Écoutes de Spectacles

Les Bains Macabres

 • Paris • 04/02/2020
Orchestre des Frivolités Parisiennes Choeur Les Éléments Chef de choeur Joël Suhubiette
Arie Van Beek (dm)
Florent Siaud (ms)
Philippe Miesch (sc,c)
Nicolas Descôteaux (l)
Célia Verdier  :  Sandrine Buendia
Mathéo  :  Romain Dayez
Nestor Gobineau  :  Fabien Hyon
Miranda Joule  :  Anna Destraël
Prosper Lampon  :  Geoffroy Buffière
Aristide Nubret  :  Nicolas Certenais
les curistes  :  Benjamin Mayenobe, Jérémie Brocard, Benoît-Joseph Meier


L'Athénée offre son bel écrin à une pièce qui s'inscrit parfaitement à la croisée de sa programmation légère et contemporaine.
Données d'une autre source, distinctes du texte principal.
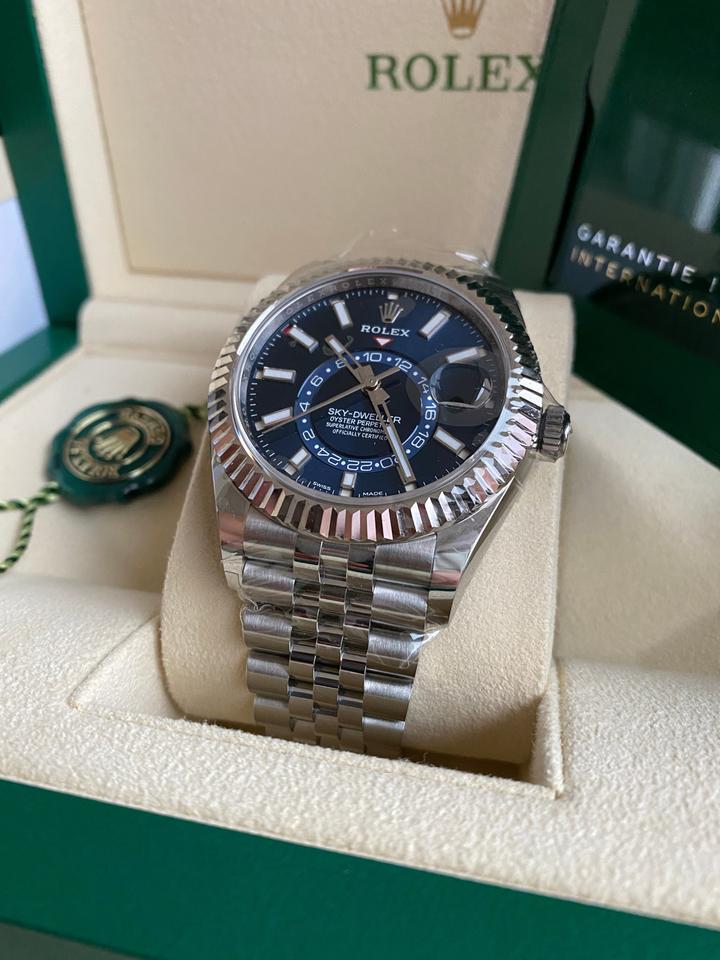 Rolex Sky-Dweller 326934 blue dial Jubilee bracelet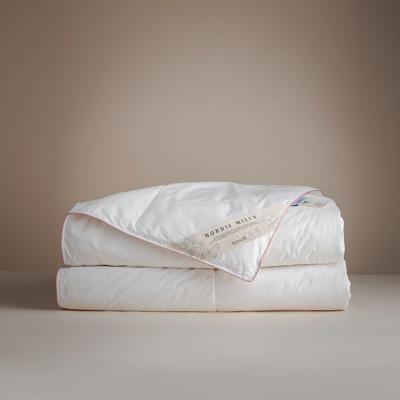 Dekbed 100% Zijden All Season - Enkel , All season - 240x220 cm (Lits-Jumeaux) - Basalt - 285 gram - Dekbed-Discounter.nl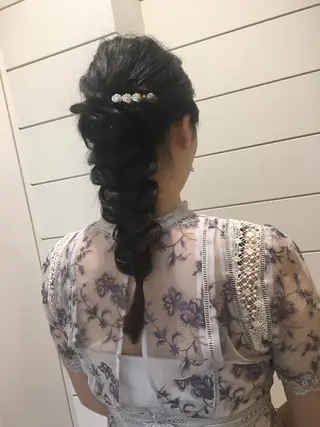 ロング ヘアアレンジ 鍵山 千秋のヘアスタイル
Les Bains Macabres sont une commande conjointe de l'ensemble Les frivolités Parisiennes, dans la fosse ce soir, et du Théâtre Impérial de Compiègne, où l'oeuvre a été créée le 24 janvier.

Il s'agit du premier livret d'Olivier Bleys et du premier opéra de Guillaume Connesson. La trame en est nourrie par la bande dessinée et le cinéma. Le réseau internet y est étendu jusqu'à l'au-delà. L'humanité y est grotesque, intéressée ou mal dans sa peau. Autant de marqueurs de notre temps que la musique contredit en nous plongeant dans un bain symphonique aux nuances multiples mais toutes datées d'un siècle. On croit d'entrée de jeu voir apparaître la caravane de Mârouf, savetier du Caire de Rabaud, avant d'être bercé par de mièvres phrases à la Reynaldo Hahn, subjugué par d'inévitables références au Pelléas de Debussy, tenu en haleine par la bande son d'un film hitchcockien... Toute la musique française des deux premiers tiers du siècle dernier défile en un permanent fondu-enchaîné, mais c'est la veine mélodique de Poulenc, voire son esprit, qui traverse toute la partition.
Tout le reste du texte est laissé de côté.